One benefit of studying history is the unusual stories you run across. Especially those involving exceptional bravery.
I’ve found another one. Witold Pilecki was a Polish cavalry officer turned resistance fighter in World War II. On September 19, 1940, he went out during a Warsaw street round-up with a specific purpose — to get arrested and sent to the Nazi concentration camp at Auschwitz. Once inside the camp, he did his best to sabotage the camp’s operations (including assassinating SS officers, stealing radios to broadcast messages, sabotaging facilities, and smuggling out records) and disseminate news of the atrocities occurring there through Polish resistance to the rest of the world. Only no one was ready to listen.
Eventually we all had to listen. But why haven’t we heard of this before?

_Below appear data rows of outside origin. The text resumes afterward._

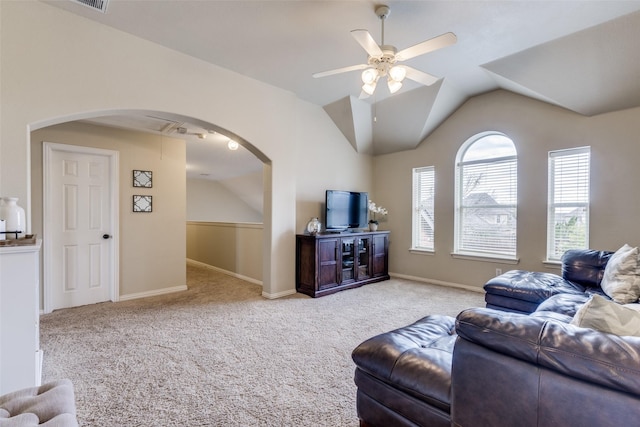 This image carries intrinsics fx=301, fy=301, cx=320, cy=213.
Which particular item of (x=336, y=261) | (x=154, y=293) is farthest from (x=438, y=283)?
(x=154, y=293)

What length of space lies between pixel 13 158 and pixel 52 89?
0.66 metres

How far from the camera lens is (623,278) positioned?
2.54 metres

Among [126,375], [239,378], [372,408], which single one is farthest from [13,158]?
[372,408]

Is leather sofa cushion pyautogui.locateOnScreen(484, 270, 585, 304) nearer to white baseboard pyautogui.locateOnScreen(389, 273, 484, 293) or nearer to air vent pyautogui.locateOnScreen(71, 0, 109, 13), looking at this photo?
white baseboard pyautogui.locateOnScreen(389, 273, 484, 293)

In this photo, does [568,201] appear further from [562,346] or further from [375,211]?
[562,346]

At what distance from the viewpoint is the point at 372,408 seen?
5.09ft

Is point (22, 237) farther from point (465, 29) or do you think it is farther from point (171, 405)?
point (465, 29)

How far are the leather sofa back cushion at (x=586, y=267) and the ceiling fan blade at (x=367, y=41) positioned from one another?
2821mm

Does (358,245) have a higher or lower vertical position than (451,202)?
lower

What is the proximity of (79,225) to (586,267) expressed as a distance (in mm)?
5805

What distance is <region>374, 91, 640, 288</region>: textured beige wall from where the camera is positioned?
347cm

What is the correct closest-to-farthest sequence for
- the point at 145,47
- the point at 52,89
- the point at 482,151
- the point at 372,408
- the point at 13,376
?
the point at 372,408 < the point at 13,376 < the point at 52,89 < the point at 145,47 < the point at 482,151

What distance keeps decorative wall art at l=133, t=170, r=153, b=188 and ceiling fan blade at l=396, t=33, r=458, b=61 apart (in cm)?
377

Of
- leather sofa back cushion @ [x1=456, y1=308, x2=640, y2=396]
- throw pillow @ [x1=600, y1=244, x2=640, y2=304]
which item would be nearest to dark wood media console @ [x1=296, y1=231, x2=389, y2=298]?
throw pillow @ [x1=600, y1=244, x2=640, y2=304] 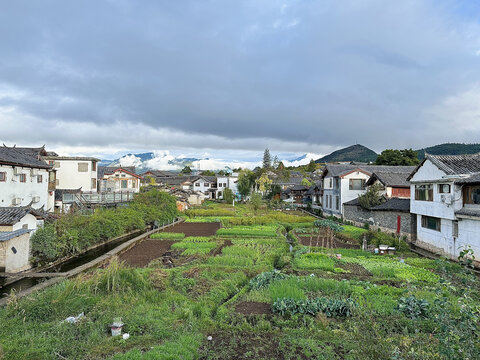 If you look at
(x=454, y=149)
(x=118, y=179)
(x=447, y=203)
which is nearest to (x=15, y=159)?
(x=118, y=179)

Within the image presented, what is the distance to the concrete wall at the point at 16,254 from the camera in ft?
42.3

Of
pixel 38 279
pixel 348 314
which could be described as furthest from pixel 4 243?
pixel 348 314

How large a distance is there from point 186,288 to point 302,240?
1394 centimetres

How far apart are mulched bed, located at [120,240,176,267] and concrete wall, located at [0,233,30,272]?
15.2ft

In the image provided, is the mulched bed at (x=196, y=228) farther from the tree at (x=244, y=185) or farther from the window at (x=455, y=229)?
the tree at (x=244, y=185)

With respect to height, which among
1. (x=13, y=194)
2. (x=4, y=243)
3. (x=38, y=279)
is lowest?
(x=38, y=279)

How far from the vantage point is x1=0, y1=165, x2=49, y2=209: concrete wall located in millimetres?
18219

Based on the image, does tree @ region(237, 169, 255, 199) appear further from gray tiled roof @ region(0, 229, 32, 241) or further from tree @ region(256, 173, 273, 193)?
gray tiled roof @ region(0, 229, 32, 241)

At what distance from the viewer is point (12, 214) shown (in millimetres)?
14188

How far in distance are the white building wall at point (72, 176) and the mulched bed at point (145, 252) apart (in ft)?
52.3

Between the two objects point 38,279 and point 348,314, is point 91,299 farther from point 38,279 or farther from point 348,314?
point 348,314

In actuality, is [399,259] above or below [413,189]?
below

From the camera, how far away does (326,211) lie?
1524 inches

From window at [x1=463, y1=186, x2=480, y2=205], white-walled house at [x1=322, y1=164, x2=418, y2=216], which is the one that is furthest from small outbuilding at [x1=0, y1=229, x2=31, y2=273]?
white-walled house at [x1=322, y1=164, x2=418, y2=216] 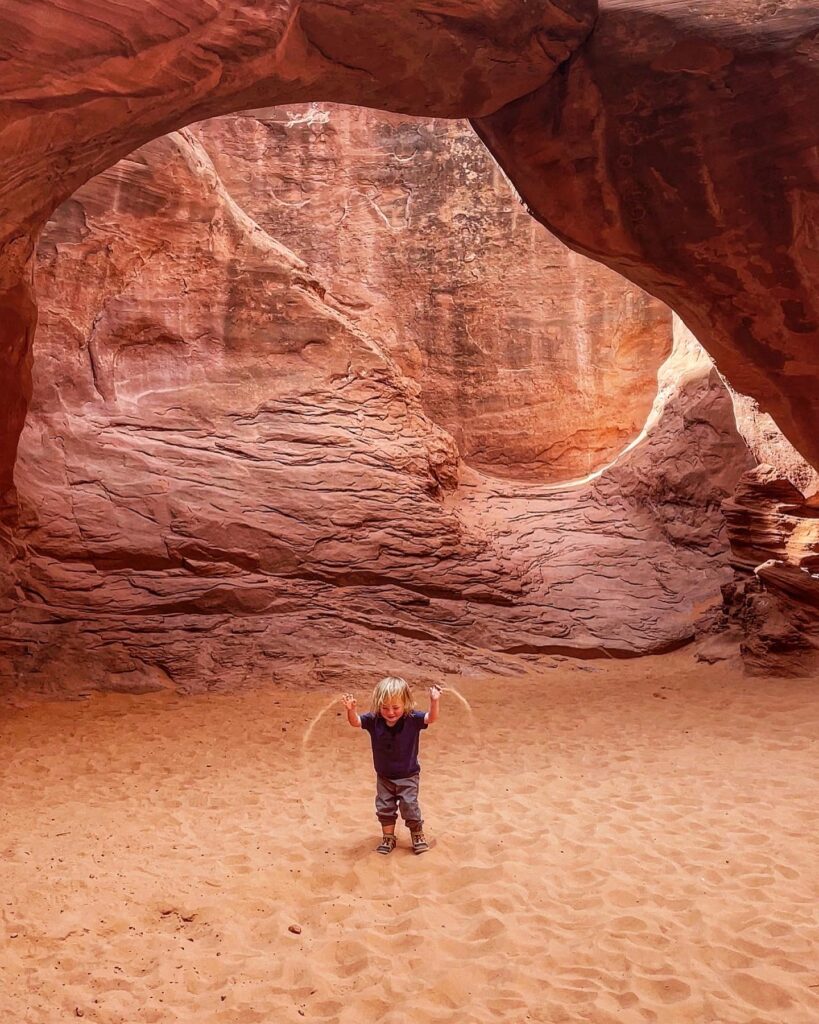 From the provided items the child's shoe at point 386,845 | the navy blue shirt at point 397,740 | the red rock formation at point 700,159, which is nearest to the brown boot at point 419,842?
the child's shoe at point 386,845

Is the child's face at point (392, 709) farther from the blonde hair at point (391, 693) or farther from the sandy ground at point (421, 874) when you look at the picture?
the sandy ground at point (421, 874)

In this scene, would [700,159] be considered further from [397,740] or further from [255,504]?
[255,504]

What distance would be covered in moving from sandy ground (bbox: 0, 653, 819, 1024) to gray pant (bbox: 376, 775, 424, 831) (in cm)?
25

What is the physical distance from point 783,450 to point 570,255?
8.49 metres

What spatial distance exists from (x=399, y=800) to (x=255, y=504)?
22.7 ft

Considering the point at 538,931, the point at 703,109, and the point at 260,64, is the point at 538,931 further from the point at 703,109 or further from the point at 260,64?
the point at 703,109

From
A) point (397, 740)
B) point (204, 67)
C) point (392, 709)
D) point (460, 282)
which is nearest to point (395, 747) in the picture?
point (397, 740)

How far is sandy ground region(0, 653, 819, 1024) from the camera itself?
4031 millimetres

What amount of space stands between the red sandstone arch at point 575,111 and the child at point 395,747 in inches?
173

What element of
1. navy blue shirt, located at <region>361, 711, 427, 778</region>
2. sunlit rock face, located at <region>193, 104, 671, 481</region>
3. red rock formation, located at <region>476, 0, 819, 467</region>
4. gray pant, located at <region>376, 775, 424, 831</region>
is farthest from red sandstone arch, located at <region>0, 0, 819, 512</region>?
sunlit rock face, located at <region>193, 104, 671, 481</region>

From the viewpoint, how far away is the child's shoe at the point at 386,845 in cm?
554

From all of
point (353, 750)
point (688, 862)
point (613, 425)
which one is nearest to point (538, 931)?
point (688, 862)

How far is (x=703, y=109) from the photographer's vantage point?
25.6ft

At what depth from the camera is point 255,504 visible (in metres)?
11.8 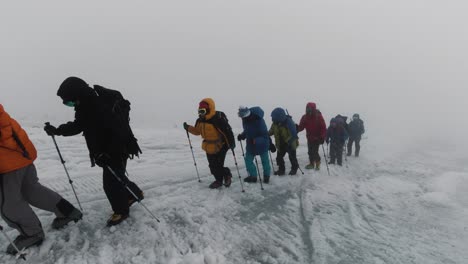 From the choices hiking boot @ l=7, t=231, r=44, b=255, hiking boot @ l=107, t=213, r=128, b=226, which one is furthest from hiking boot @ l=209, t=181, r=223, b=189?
hiking boot @ l=7, t=231, r=44, b=255

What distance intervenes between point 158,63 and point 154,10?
10531cm

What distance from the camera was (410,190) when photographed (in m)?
9.73

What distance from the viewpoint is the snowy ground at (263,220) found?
17.3ft

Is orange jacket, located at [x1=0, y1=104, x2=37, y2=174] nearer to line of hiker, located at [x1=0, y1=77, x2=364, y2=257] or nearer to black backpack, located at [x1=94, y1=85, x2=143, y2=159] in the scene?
line of hiker, located at [x1=0, y1=77, x2=364, y2=257]

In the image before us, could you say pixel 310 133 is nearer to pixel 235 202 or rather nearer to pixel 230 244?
pixel 235 202

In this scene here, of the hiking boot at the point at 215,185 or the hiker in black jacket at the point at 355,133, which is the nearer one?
the hiking boot at the point at 215,185

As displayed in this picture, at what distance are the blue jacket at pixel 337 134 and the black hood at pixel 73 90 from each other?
984 cm

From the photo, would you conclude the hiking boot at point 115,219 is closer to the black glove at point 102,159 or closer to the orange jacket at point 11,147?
the black glove at point 102,159

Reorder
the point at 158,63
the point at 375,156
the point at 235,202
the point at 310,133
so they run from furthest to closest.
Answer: the point at 158,63 < the point at 375,156 < the point at 310,133 < the point at 235,202

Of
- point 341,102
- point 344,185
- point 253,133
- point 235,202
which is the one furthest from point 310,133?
point 341,102

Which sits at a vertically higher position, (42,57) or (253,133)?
(42,57)

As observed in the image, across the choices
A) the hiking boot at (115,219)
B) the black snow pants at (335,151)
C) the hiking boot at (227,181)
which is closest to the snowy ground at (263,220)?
the hiking boot at (115,219)

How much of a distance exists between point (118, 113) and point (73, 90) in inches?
30.4

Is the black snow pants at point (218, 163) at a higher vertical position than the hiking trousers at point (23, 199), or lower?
lower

Recall Poland’s problems didn’t end with the Nazis. The country was occupied by Soviet forces at the end of the war and a Communist government was installed. As a Polish patriot, Pilecki insisted on fighting on against this second occupation. But he was captured, put on trial, executed and all traces of his wartime record destroyed or locked away. His family only learned the details of his mission to Auschwitz in the mid-1990s. Since then his story has slowly emerged.
A huge help to this emergence is a recent book, The Volunteer: The True Story of the Resistance Hero Who Infiltrated Auschwitz by Jack Fairweather. This brings a different dimension to the sad chapter of World War II concentration camps.
Stories like this, stranger than fiction, is what makes history so fascinating.